# dressage testing advice



## verona1016 (Jul 3, 2011)

I guess it depends on the show rules and your personal goals. I've never seen anyone ride the same test twice at a show, since each class is only done once, so to do it twice, you'd have to ride the test, leave the arena, possible wait for one or two other riders to do it, and then immediately go back in and do the same test. Is that what you'd be doing, or would they be doing Training 1 again later in the day?

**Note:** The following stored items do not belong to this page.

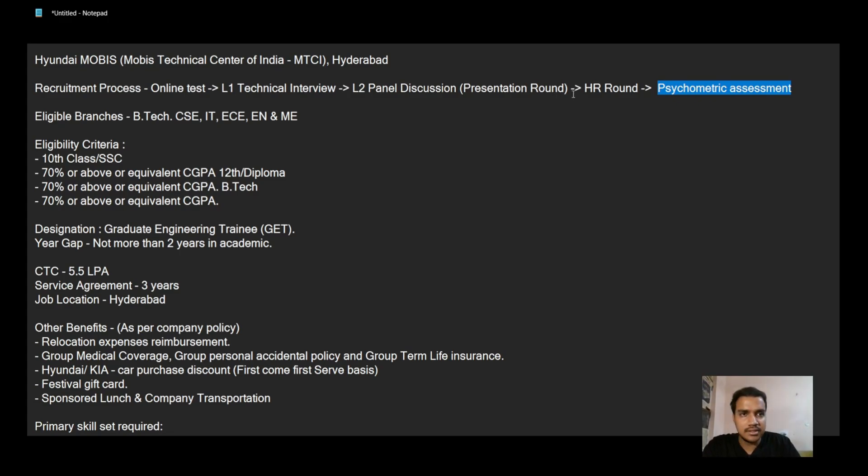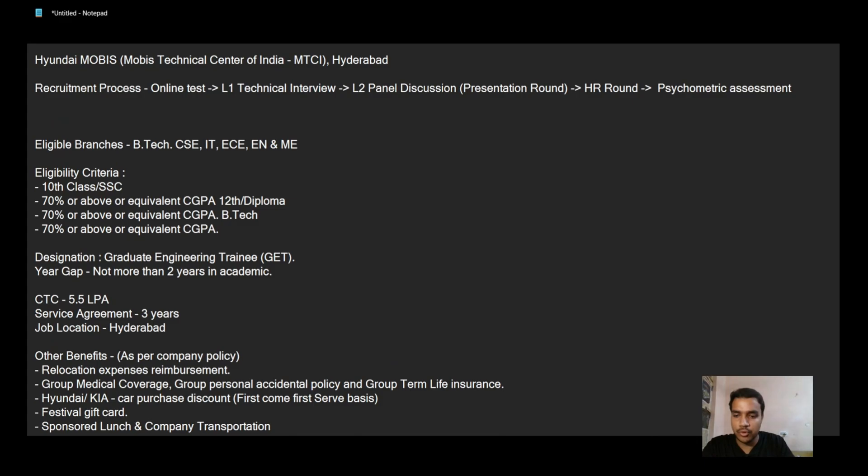For the online test, specifically for the C programming section, I would really recommend the book 'Exploring C' by Yashwant Kanetkar. It tests your knowledge and has really good explanations for various concepts that people generally don't know.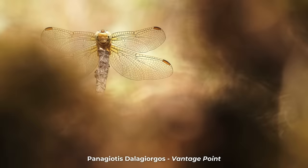Next up we have an image by Panagiotis — I hope I've pronounced that correctly — who I assume is from Greece or Cyprus. This is a very interesting vantage point of a dragonfly which looks like it's peering out from amongst the clouds. A beautiful, striking image — thank you very much for sharing this, it is absolutely wonderful. And so those are the highly commended images.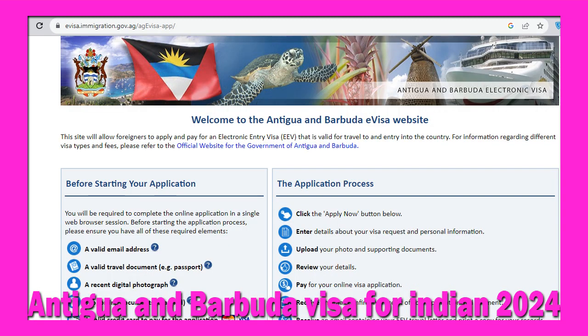Step number two: fill the online application form. You will need the following documents to apply for Antigua and Barbuda visa. In front of you is the official website to apply for Antigua and Barbuda visa online. You will need to do the following, and once your visa is issued you will receive it by email.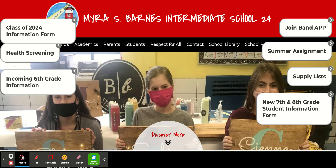Hi everyone, just wanted to give a quick tour of the barnes24.org website so that you know where you can find information quickly and easily.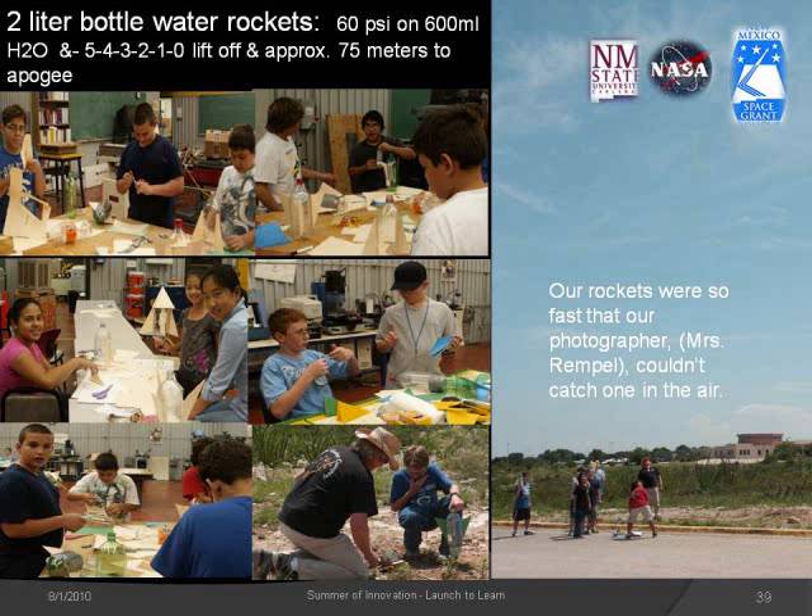Two-liter bottle rockets: we filled our rockets a third of the way full with water, then pressurized them to 60 psi with a bicycle pump. A special launcher let us hold them until ready. When we pulled the ripcord — blast off!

My horse is still very new to showing (going to his 2nd show the weekend after next) so for the last show and this one, I've tried to keep it fairly low key with just one test per day, and different tests each day. Last time it was Intro A and B; this time it will be Training 1 and 2. Once he has a few more shows under his belt (girth?) I'll start doing two tests in one day, but would probably still do different tests on that same day (i.e. maybe Training 1 & 2 on Day 1, and then Training 2 & 3 on Day 2, assuming the horse was prepared for all three tests) The only time I ever did 3 tests in one day the horse was very tired and sluggish for the last one, but she was also an older horse...


----------



## mlreubens (Dec 18, 2011)

I will be showing training 1 level at 1:07 and again at 1:30. Same test. I will see how it goes or if I do that again. I get real scared i will mix all the patterns up. I guess that just comes with experience. Like everything else.


----------



## Golden Horse (Feb 20, 2010)

Most shows around here cap a single horse and rider to 4 tests in one day, and they can't be more than one level up or down, so you could do intro and training, but not intro and level one.

I usually ride 2 tests at each level, so I'll do and a & b test at a level, and then depending what else is offered will do the next level up as well, unless theer is dressage trail, or a Kur or something that I want to try instead.


----------



## kitten_Val (Apr 25, 2007)

Can you ride same horse in same test twice?? Or you are talking about riding different horses? I did 2 tests in one day (different tests though), but personally I was not fan of it. Waiting between the tests was too long, and with hot weather we usually have it's quite tough on me and the horse.

P.S. And don't get scared. The more nervous you are the worse ride you'll get.  If you are afraid to mess up ask to use the test reader.


----------



## Golden Horse (Feb 20, 2010)

kitten_Val said:


> P.S. And don't get scared. The more nervous you are the worse ride you'll get.  If you are afraid to mess up ask to use the test reader.


Is there an Ap for that:lol::lol: Such good advice, but so hard to follow. Start with "Don't forget to breathe"


----------



## kitten_Val (Apr 25, 2007)

Golden Horse said:


> Is there an Ap for that:lol::lol: Such good advice, but so hard to follow. Start with "Don't forget to breathe"


Lol! Actually I'm usually not scared, but I have adrenaline to kick in. Thankfully my qh seems to "understand" it and is very tolerant when she feels something is going on with me.


----------



## mlreubens (Dec 18, 2011)

Ok, now I know why you cannot do the same test twice for the same class. You can only place with ribbons from the first test you do anyway so you might as well compete in different classes. Oh well I got a little nervous and my horse was amped anyway so the combination was not good. We had travelled to a barn that my horse has a history with spooking in the test arena. Live and learn.


----------



## coffeebean264 (Aug 6, 2012)

When I ride my tests i usually take Rescue Remedy. Its a herbal spray meant to relax you. Its not a per-scripted thing so you can probably find it anywhere. All it does is calm down your nerves and relax your muscles. 

Also, I usually only do 3 tests in one day. With my horse and most horses in the lower levels (I'm in training level-first), they are not all necessarily used to shows and the stress and activity going on around them can make them tired even if you rode them the same amount of time as you would usually. This way i go through all my tests once and then am done for the day.


----------